Not even Alfred Hitchcock could have concocted the avian idea — carrier pigeons in bras. Or, at the very least, carrier pigeons in vests made by a brassiere company.
In December 1944, undergarment manufacturer Maidenform ditched peddling their usual wares in favor of a government contract to make 28,500 pigeon vests, according to the National Museum of American History.
The vests themselves could be attached to American paratroopers and were made out “of porous materials, with a tighter woven fabric underneath so the pigeon’s claws would not damage the mesh,” the NMAH wrote. “The vest was shaped to the body of the pigeon, leaving their head, neck, wing tips, tail, and feet exposed.”
Carrier pigeons, or homing pigeons, were employed by various nations throughout World War II and, despite the seemingly antiquated method, were among the most secure and reliable forms of communication.
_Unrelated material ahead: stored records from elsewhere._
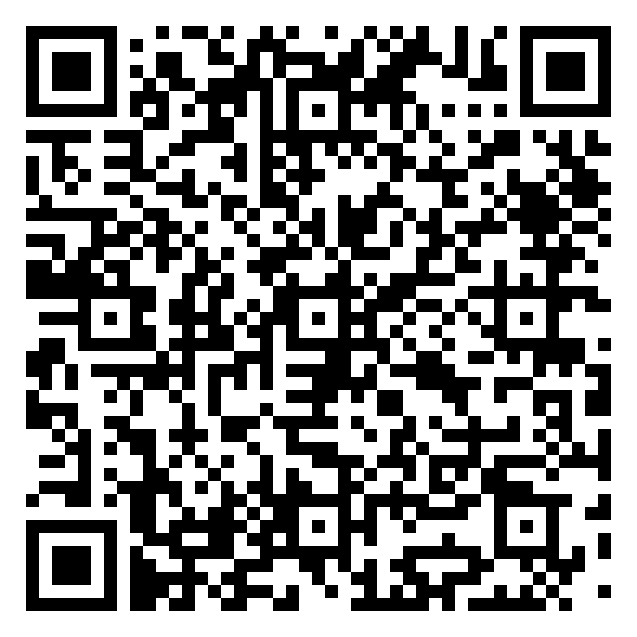kod QR z danymi kontaktowymi 38249367600000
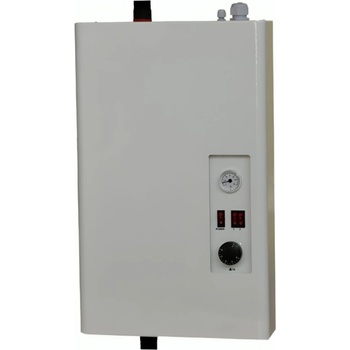 Balkan Energy BEH-1 24 kW (08.432.021)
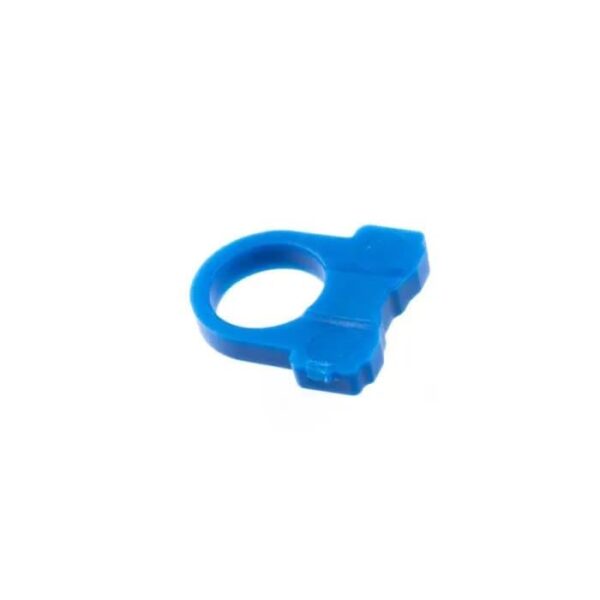 Wilson Combat SHOK-BUFF Recoil Buffer for Beretta 92/96 - Precision Shot Firearms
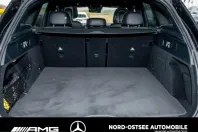 Mercedes-Benz GLC 300 (Clasa GLC) din 2025 cu 12.549 km - oferta MER218629 - foto 14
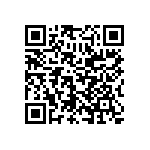 MCF51AC256BVFUE QRCode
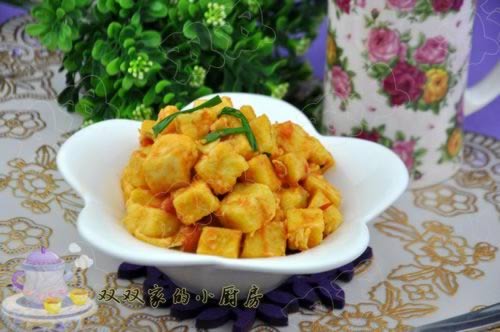 ����������ͷ��������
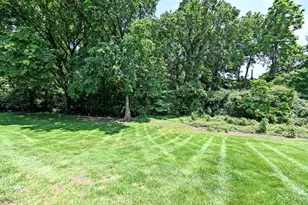 101 Linden Dr, Wyoming, OH 45215 - Photo 77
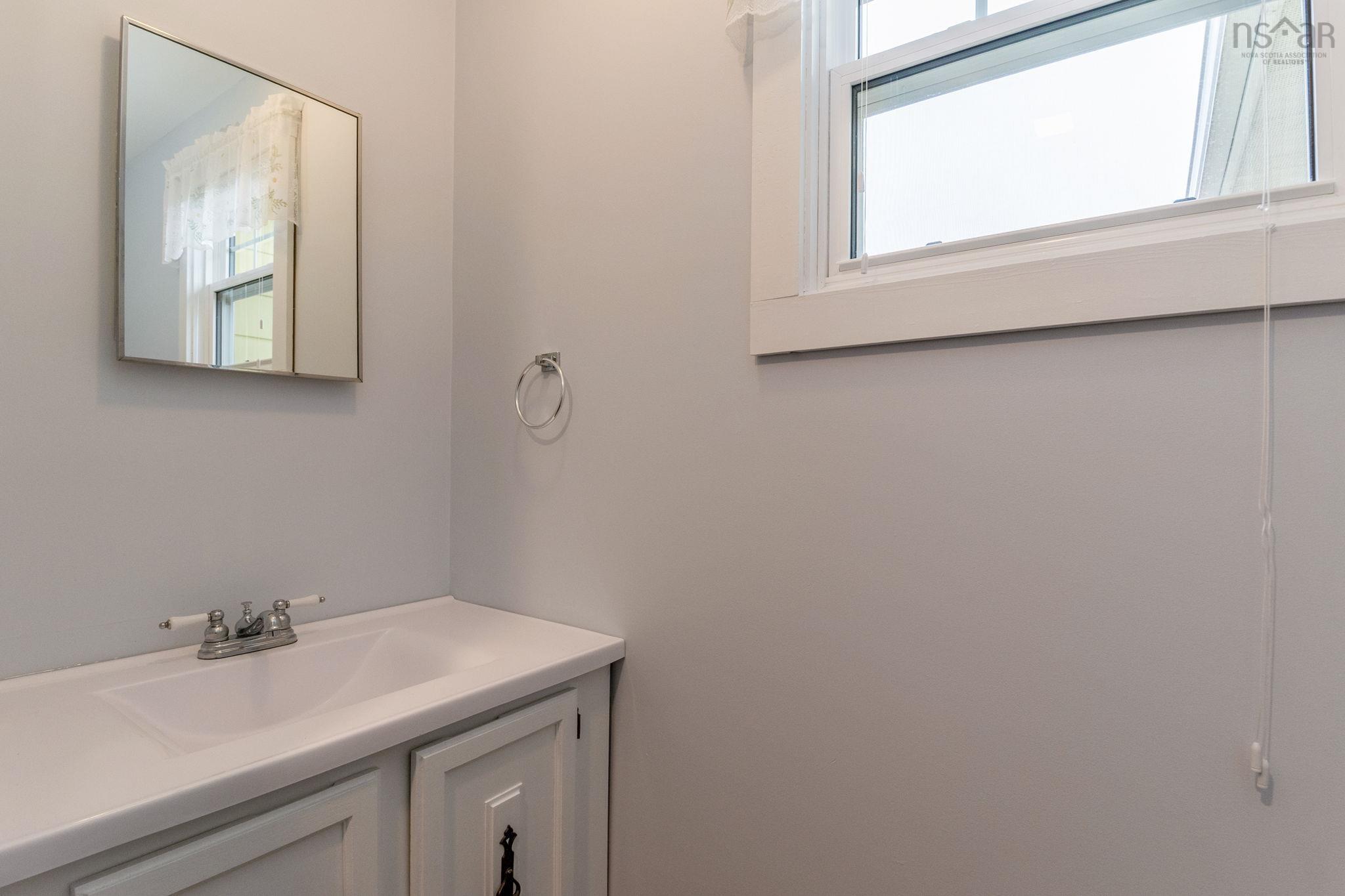 $330,000.00: 3024 Clarence Road, Clarence East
Rarely intercepted, the Army Signal Corps sent an estimated 30,000 messages via pigeon, with 96 percent reaching their assigned destination. Luddites everywhere, rejoice!
— National Museum of American History (@amhistorymuseum) January 5, 2018
As to the age-old question regarding the airspeed velocity of an unladen swallow, homing pigeons were able to fly at a speed of roughly 50 miles per hour and traveled an average of 25 miles per mission, though they were capable of traveling up to 600 miles if needed.
Originally toting messages in a tiny capsule fastened to the pigeons’ legs, the advent of Maidenform’s pigeon bra/vest allowed handlers and service members to attach larger message items to the birds, including maps, photos, reports, and even tiny cameras.
Approximately 55,000 pigeons were deployed by the Americans throughout the war. The British, meanwhile, used upwards of 200,000. Thirty-two of those pigeons were presented the People’s Dispensary for Sick Animals (PDSA) Dickin Medal, the highest honor awarded to animals in combat.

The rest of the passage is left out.